Exercise brief. The records below should be written out again, exactly.

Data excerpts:
+ + +
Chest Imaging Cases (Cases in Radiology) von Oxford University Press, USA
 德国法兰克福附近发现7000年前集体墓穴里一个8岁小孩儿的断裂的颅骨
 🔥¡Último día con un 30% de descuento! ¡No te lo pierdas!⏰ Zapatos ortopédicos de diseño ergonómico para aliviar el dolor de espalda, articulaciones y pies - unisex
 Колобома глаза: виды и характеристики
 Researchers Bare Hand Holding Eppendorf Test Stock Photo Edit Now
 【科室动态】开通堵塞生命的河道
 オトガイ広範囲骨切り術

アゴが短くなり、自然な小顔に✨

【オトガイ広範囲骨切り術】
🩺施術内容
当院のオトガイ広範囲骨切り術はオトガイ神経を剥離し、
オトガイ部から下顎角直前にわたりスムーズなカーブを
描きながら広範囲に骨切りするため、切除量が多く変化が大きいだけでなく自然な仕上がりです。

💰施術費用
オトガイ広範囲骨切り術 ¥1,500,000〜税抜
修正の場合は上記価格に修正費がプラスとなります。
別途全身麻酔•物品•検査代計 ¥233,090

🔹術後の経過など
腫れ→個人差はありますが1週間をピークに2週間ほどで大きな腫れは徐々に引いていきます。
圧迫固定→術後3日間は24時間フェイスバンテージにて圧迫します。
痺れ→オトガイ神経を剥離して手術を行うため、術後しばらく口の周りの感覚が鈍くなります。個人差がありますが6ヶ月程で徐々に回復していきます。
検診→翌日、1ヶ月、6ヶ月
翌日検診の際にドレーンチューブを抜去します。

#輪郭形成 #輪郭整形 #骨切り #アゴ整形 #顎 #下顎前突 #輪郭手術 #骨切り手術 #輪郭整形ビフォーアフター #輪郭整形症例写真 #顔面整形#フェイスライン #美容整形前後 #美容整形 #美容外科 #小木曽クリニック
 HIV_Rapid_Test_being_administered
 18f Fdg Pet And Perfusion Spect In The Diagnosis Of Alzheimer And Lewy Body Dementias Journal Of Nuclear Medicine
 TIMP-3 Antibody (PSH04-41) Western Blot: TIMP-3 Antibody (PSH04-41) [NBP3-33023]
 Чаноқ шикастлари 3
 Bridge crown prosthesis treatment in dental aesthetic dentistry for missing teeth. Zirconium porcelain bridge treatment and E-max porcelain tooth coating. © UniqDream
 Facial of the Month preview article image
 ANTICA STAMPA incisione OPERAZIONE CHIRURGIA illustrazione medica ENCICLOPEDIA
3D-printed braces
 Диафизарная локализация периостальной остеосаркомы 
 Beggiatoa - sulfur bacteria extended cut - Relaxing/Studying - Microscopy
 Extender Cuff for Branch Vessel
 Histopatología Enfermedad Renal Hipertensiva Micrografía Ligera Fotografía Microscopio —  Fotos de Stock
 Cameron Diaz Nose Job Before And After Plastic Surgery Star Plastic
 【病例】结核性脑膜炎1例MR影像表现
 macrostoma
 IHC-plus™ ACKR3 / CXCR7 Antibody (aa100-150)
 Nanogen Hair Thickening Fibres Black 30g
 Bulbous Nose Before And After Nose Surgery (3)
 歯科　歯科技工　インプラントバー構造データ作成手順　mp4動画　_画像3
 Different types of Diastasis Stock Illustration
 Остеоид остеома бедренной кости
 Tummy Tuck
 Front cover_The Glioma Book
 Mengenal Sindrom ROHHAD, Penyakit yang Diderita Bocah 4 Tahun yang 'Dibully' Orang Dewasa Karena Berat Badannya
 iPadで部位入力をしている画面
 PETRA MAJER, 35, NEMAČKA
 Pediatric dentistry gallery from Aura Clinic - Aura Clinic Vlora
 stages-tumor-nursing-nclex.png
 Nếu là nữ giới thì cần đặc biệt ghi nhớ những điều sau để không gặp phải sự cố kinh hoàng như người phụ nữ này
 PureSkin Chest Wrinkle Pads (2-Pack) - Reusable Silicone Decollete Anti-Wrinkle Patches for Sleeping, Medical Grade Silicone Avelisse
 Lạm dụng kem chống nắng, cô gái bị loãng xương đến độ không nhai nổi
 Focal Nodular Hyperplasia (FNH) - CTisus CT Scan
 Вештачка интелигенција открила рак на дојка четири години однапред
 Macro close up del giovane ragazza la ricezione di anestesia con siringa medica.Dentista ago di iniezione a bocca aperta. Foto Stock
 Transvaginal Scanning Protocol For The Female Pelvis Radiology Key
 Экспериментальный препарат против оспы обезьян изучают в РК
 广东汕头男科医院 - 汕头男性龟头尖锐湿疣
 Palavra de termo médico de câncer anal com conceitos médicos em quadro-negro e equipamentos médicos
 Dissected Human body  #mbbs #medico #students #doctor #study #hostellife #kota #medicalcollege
+ + +
Result.
Chest Imaging Cases (Cases in Radiology) von Oxford University Press, USA
 德国法兰克福附近发现7000年前集体墓穴里一个8岁小孩儿的断裂的颅骨
 🔥¡Último día con un 30% de descuento! ¡No te lo pierdas!⏰ Zapatos ortopédicos de diseño ergonómico para aliviar el dolor de espalda, articulaciones y pies - unisex
 Колобома глаза: виды и характеристики
 Researchers Bare Hand Holding Eppendorf Test Stock Photo Edit Now
 【科室动态】开通堵塞生命的河道
 オトガイ広範囲骨切り術

アゴが短くなり、自然な小顔に✨

【オトガイ広範囲骨切り術】
🩺施術内容
当院のオトガイ広範囲骨切り術はオトガイ神経を剥離し、
オトガイ部から下顎角直前にわたりスムーズなカーブを
描きながら広範囲に骨切りするため、切除量が多く変化が大きいだけでなく自然な仕上がりです。

💰施術費用
オトガイ広範囲骨切り術 ¥1,500,000〜税抜
修正の場合は上記価格に修正費がプラスとなります。
別途全身麻酔•物品•検査代計 ¥233,090

🔹術後の経過など
腫れ→個人差はありますが1週間をピークに2週間ほどで大きな腫れは徐々に引いていきます。
圧迫固定→術後3日間は24時間フェイスバンテージにて圧迫します。
痺れ→オトガイ神経を剥離して手術を行うため、術後しばらく口の周りの感覚が鈍くなります。個人差がありますが6ヶ月程で徐々に回復していきます。
検診→翌日、1ヶ月、6ヶ月
翌日検診の際にドレーンチューブを抜去します。

#輪郭形成 #輪郭整形 #骨切り #アゴ整形 #顎 #下顎前突 #輪郭手術 #骨切り手術 #輪郭整形ビフォーアフター #輪郭整形症例写真 #顔面整形#フェイスライン #美容整形前後 #美容整形 #美容外科 #小木曽クリニック
 HIV_Rapid_Test_being_administered
 18f Fdg Pet And Perfusion Spect In The Diagnosis Of Alzheimer And Lewy Body Dementias Journal Of Nuclear Medicine
 TIMP-3 Antibody (PSH04-41) Western Blot: TIMP-3 Antibody (PSH04-41) [NBP3-33023]
 Чаноқ шикастлари 3
 Bridge crown prosthesis treatment in dental aesthetic dentistry for missing teeth. Zirconium porcelain bridge treatment and E-max porcelain tooth coating. © UniqDream
 Facial of the Month preview article image
 ANTICA STAMPA incisione OPERAZIONE CHIRURGIA illustrazione medica ENCICLOPEDIA
3D-printed braces
 Диафизарная локализация периостальной остеосаркомы 
 Beggiatoa - sulfur bacteria extended cut - Relaxing/Studying - Microscopy
 Extender Cuff for Branch Vessel
 Histopatología Enfermedad Renal Hipertensiva Micrografía Ligera Fotografía Microscopio —  Fotos de Stock
 Cameron Diaz Nose Job Before And After Plastic Surgery Star Plastic
 【病例】结核性脑膜炎1例MR影像表现
 macrostoma
 IHC-plus™ ACKR3 / CXCR7 Antibody (aa100-150)
 Nanogen Hair Thickening Fibres Black 30g
 Bulbous Nose Before And After Nose Surgery (3)
 歯科　歯科技工　インプラントバー構造データ作成手順　mp4動画　_画像3
 Different types of Diastasis Stock Illustration
 Остеоид остеома бедренной кости
 Tummy Tuck
 Front cover_The Glioma Book
 Mengenal Sindrom ROHHAD, Penyakit yang Diderita Bocah 4 Tahun yang 'Dibully' Orang Dewasa Karena Berat Badannya
 iPadで部位入力をしている画面
 PETRA MAJER, 35, NEMAČKA
 Pediatric dentistry gallery from Aura Clinic - Aura Clinic Vlora
 stages-tumor-nursing-nclex.png
 Nếu là nữ giới thì cần đặc biệt ghi nhớ những điều sau để không gặp phải sự cố kinh hoàng như người phụ nữ này
 PureSkin Chest Wrinkle Pads (2-Pack) - Reusable Silicone Decollete Anti-Wrinkle Patches for Sleeping, Medical Grade Silicone Avelisse
 Lạm dụng kem chống nắng, cô gái bị loãng xương đến độ không nhai nổi
 Focal Nodular Hyperplasia (FNH) - CTisus CT Scan
 Вештачка интелигенција открила рак на дојка четири години однапред
 Macro close up del giovane ragazza la ricezione di anestesia con siringa medica.Dentista ago di iniezione a bocca aperta. Foto Stock
 Transvaginal Scanning Protocol For The Female Pelvis Radiology Key
 Экспериментальный препарат против оспы обезьян изучают в РК
 广东汕头男科医院 - 汕头男性龟头尖锐湿疣
 Palavra de termo médico de câncer anal com conceitos médicos em quadro-negro e equipamentos médicos
 Dissected Human body  #mbbs #medico #students #doctor #study #hostellife #kota #medicalcollege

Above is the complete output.